I’m a bit lost. Where should I start?

Please make -C deps distclean-llvm and rebuild. Report here if it still happens after that.

I guess @rkat is using the official binaries?

I’m using julia 0.7 which is not well supported by Flux and CuArrays yet, but it seems to be the only way to get an appropriate LLVM without having to build julia from source.
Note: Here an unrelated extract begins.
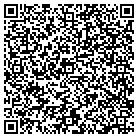 QR code with Advanced Temporaries contacts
Ah, I scanned for build from source but misinterpreted that sentence. @krat, could you try the latest nightly? It contains some additional LLVM patches that fix issues like this. Not entire sure the nightlies work with CUDAnative right now, due to removal of deprecations, but I’ll fix that ASAP.

I’m not sure I understand. I didn’t build julia from source. I’m using julia 0.7 because it doesn’t require me to do that.

As @simon suspected; could you test rc3 then as I mentioned? It’s live as of now.

sure, I’ll try now. apologies for the latency, my timezone is UTC+10.

the nightly release linked from the julia website is 1.0 which breaks everything that was previously deprecated. is there a way to get the 0.7 rc3 binaries? I found this travis CI build:

but there doesn’t seem to be a way to get the artefacts…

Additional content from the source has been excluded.